The old-fashioned method

Under API MPMS, Chapter 18.1, large production sites with frequent deliveries could be outfitted with a lease automatic custody transfer (LACT) skid. A LACT uses a sophisticated flowmeter to measure the volume of oil transferred along with other parameters, such as density, but it is not economical for smaller sites and volumes. The manual practices under API MPMS, Chapter 18.1, were designed to work anywhere, including wellhead sites that had effectively zero instrumentation. All the measurement methods could be carried out by a receiving truck driver using a kit of simple manual tools to take readings from the top of the tank. Here are the steps:

  1. The truck driver climbs to the top of the tank, opens a thief hatch and lowers a tape measure with a float to determine the oil level. This first measurement is called the opening gauge and establishes the baseline measurement.
  2. The next step is to lower a thermometer or temperature sensor to read the oil temperature which is used to support a density calculation. Depending on the oil depth, up to three readings should be taken at three depths due to potential temperature stratification. The density calculation uses an average of the three readings.
  3. A collector is dropped in to capture a sample. Specific gravity can be measured using a hydrometer corrected by the temperature. Some of the sample goes into a centrifuge for the “grind out” to determine how much water and solid material is mixed in. The measurements from a single sample are applied to the entire lot.
  4. If the driver is satisfied with the quality, the oil can be pumped into the truck. When the transfer is over, the driver takes a second level measurement (closing gauge) with the tape to calculate the volume transferred based on the tank’s dimensions.

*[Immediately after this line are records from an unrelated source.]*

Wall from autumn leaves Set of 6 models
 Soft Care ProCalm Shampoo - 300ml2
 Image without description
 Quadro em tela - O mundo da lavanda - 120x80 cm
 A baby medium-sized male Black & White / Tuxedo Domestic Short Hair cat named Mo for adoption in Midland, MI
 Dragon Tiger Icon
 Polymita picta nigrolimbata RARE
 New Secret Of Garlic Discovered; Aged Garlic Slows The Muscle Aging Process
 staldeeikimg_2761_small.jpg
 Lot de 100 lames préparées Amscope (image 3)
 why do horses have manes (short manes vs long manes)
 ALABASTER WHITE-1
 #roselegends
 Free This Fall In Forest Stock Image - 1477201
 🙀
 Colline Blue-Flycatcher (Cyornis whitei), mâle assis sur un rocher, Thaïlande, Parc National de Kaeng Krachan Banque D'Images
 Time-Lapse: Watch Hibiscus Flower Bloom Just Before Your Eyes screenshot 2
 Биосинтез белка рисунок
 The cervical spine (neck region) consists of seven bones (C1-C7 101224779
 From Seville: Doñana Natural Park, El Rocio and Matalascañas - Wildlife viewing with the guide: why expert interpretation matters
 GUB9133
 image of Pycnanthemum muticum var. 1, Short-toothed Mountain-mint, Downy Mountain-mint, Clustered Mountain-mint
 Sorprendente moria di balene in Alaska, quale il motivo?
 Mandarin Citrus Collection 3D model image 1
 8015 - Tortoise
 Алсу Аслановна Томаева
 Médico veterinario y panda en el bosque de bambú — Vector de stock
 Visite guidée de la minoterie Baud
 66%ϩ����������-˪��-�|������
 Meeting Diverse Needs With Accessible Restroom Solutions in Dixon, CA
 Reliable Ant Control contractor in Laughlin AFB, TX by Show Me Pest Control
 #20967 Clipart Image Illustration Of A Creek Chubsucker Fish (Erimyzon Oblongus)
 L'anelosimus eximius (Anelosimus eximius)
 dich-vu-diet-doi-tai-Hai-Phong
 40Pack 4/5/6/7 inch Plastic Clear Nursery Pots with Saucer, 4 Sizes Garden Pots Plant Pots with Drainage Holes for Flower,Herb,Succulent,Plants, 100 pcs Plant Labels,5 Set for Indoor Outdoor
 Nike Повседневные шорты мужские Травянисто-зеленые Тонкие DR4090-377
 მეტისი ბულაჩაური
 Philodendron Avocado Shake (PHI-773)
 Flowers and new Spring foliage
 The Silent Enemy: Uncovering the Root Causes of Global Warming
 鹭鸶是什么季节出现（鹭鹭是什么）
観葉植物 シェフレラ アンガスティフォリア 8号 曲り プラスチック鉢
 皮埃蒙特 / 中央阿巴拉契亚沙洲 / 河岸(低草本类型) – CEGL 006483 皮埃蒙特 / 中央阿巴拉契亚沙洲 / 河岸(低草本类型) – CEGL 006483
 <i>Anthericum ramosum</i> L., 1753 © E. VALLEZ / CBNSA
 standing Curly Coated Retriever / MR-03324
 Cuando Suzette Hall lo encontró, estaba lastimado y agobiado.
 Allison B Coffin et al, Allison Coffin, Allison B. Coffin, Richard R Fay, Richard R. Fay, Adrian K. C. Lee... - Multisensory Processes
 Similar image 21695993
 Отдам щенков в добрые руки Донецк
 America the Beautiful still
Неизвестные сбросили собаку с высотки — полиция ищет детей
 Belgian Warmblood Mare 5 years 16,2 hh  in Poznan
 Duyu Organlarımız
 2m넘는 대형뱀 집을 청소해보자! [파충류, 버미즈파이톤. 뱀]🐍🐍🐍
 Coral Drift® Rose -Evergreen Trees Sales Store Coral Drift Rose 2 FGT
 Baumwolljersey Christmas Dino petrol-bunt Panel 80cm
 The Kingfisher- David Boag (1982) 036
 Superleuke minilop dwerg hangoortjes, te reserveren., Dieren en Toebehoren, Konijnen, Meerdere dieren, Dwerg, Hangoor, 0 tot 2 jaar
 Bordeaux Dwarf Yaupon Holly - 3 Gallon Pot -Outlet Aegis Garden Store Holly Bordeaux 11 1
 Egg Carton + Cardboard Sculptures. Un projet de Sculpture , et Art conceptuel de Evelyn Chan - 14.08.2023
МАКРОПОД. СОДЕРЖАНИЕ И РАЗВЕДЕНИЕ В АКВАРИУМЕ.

All the necessary equipment was carried from site to site and nothing was automated. Everything had to be written down or manually entered into a computer. The ability to measure accurately was utterly dependent on each driver’s skill and finesse with the tape measure, which introduced significant variability. The U.S. Bureau of Land Management reported that typical manual tank gauging uncertainties range from 0.6% to 2.5%. Using a midpoint of 1.5% uncertainty and applying that to a well producing 600 barrels per day of oil at a sale price of $55 per barrel, this could result in an annual discrepancy of $180,000.

Another potential problem area is water accumulation in the storage tank. If the production separator is not working correctly or experiences an upset, water can be diverted to the oil tank or vice versa. If this problem is not detected, oil in the water tank will be sent out with the water hauler. If the oil-collecting driver doesn’t realize what has happened, water can be transferred along with oil. A manual level measurement from the tank roof using a tape cannot determine where an oil-water interface is in the tank.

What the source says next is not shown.